As a part of the launch, in a pre-recorded video, Google displayed how Gemini can be used to correct a physics paper. In the demo, Gemini can analyze and interpret formulas, equations, and scientific concepts written on paper, including those written by hand. It can even explain the mathematical or scientific principles behind the formulas before performing the correct calculations, which could fundamentally change how students do homework and learn.

And from the Gemini basics to the million-dollar question.

But does it outperform ChatGPT?

At the launch, Google claimed that Gemini scores 90 percent on the MMLU benchmark. The MMLU (Massive Multitask Language Understanding) benchmark measures a language model’s understanding and reasoning ability across various topics and question formats. To compare, an “expert level” human can expect to score 89.8 percent.

It also surpassed GPT-4 on the same benchmark, with GPT-4 ranking at 86.5 percent.

Further, according to Google Deepmind, Gemini outperforms GPT-4 by 30 out of 32 parameters – even though that’s by thin margins.

So why are experts arguing if Gemini actually outperforms GPT-4?


Critics highlight that the benchmark scores Google presents are for its largest model, Gemini Ultra, which is not yet available to the public. Google cites legal issues as to why it’s not already being launched.

Gemini also won’t be available for users in Europe. That’s likely the result of a risk assessment made by Google that the proactive approach to regulation in the EU puts them at too high of a risk for lawsuits and (massive) fines. With the recent agreement on the AI Act, Google might be able to also launch within the EU.

The revelation that a demonstration video for Gemini, which garnered over two million views, was extensively edited has sparked considerable controversy. After the launch, it was revealed that the video, meant to showcase Gemini’s flexible and responsive multimodal, real-time understanding, was created from a series of carefully tuned text prompts used on still images. While it was meant to look like a live interaction, Gemini was actually given different prompts than the video shows. As Tech Crunch writes: “So although it might kind of do the things Google shows in the video, it didn’t, and maybe couldn’t, do them live and in the way they implied.”

The criticism blurs the picture. Gemini represents an impressive leap forward in Google’s AI output. But the slightly rushed before-the-end-of-the-year release reveals that Google might still be operating in the ‘Code Red,’ an emergency provoked by the public release of ChatGPT.

What’s next?

Already now, Google in working on applying Gemini to search, Google’s main product and source of income.

In an innovators paradox, Google’s Gemini might be part of killing Google’s ‘10 blue links’, the suggested pages coming up after any Google search. Instead, we might soon get used to the idea of a ‘generative search experience,’ a term Sundar Pichar recently used in an interview with Platformer.

When it comes to the competition between Google and OpenAI – essentially Google and Microsoft – to dominate generative AI, it’s difficult to know who’ll pick the longest straw.

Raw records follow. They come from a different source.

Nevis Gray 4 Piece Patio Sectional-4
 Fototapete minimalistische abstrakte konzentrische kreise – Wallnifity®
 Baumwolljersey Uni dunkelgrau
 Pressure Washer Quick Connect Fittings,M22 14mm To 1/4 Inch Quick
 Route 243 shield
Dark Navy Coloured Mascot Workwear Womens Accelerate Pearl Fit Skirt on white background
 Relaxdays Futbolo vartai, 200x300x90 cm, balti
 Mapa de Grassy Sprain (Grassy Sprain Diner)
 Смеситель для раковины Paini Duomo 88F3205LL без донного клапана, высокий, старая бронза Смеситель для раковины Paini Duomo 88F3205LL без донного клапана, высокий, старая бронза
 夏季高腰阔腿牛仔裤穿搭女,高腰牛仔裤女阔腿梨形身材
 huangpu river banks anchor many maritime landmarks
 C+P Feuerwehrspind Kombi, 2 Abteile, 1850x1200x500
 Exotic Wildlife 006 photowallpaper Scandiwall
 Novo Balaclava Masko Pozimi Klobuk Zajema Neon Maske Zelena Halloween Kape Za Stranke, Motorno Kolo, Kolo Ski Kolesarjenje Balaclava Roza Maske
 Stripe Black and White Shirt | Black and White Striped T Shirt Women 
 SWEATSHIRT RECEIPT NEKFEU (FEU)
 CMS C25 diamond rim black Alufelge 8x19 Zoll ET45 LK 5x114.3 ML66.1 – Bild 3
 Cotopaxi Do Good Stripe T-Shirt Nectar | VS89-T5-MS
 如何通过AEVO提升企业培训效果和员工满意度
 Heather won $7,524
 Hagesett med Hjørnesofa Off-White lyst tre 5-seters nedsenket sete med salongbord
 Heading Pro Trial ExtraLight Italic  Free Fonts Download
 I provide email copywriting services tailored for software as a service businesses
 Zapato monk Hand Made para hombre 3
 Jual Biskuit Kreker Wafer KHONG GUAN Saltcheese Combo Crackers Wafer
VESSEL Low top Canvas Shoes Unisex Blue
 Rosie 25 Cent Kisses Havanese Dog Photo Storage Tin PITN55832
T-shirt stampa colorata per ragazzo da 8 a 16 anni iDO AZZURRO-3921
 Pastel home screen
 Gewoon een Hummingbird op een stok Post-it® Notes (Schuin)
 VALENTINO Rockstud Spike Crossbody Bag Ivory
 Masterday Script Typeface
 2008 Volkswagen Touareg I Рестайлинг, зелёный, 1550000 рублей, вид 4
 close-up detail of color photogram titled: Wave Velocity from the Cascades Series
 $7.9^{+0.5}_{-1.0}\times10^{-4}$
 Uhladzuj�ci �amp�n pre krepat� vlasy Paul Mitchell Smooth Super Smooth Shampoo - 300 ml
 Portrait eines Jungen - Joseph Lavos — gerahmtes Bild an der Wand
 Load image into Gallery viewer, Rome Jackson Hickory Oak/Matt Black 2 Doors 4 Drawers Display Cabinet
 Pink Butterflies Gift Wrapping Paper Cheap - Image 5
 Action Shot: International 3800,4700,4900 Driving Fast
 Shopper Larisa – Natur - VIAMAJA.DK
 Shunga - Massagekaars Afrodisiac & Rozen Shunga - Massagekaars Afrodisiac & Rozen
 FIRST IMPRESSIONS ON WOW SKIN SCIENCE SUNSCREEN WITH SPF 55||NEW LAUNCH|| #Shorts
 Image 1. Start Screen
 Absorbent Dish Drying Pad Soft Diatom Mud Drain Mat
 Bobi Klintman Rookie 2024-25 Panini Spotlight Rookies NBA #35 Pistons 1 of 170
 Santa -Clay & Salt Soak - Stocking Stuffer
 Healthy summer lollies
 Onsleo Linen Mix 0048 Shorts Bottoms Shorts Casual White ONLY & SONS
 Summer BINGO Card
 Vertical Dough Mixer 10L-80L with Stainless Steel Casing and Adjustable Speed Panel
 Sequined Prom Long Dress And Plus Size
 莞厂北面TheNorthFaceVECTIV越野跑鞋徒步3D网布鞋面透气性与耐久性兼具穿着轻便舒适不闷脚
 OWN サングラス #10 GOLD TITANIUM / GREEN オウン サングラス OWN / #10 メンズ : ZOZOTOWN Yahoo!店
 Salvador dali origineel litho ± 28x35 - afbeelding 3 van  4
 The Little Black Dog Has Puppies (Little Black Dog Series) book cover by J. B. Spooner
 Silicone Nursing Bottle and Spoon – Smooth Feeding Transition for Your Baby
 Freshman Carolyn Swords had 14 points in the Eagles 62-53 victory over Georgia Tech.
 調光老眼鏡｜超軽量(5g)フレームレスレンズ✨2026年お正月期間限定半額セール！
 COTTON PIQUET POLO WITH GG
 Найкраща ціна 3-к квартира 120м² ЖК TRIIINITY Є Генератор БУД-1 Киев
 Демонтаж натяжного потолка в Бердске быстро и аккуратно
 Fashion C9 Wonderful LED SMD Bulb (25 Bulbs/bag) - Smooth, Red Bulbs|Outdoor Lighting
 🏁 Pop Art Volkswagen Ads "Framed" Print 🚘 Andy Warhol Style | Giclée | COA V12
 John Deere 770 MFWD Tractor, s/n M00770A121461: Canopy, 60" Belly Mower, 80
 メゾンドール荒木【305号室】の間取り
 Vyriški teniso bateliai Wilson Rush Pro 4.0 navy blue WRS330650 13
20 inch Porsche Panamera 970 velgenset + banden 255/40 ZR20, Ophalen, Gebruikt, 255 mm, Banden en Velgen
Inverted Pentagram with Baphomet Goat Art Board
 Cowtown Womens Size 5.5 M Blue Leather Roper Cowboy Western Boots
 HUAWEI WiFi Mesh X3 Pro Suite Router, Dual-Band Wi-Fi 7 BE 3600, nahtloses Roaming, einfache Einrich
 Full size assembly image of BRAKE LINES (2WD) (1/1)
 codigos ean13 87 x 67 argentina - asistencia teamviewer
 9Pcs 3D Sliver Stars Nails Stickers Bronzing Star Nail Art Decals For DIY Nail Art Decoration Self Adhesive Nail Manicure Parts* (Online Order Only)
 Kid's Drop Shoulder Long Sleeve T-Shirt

While Google’s benchmark numbers are impressive, OpenAI’s strategy of releasing great generative AI products for users to experience themselves – and thereby build affinity towards – has given them an enormous user base.

Meanwhile, both Microsoft and Google struggle to discover how to monetize generative AI, which is likely to be a main topic of concern for the companies in the coming year.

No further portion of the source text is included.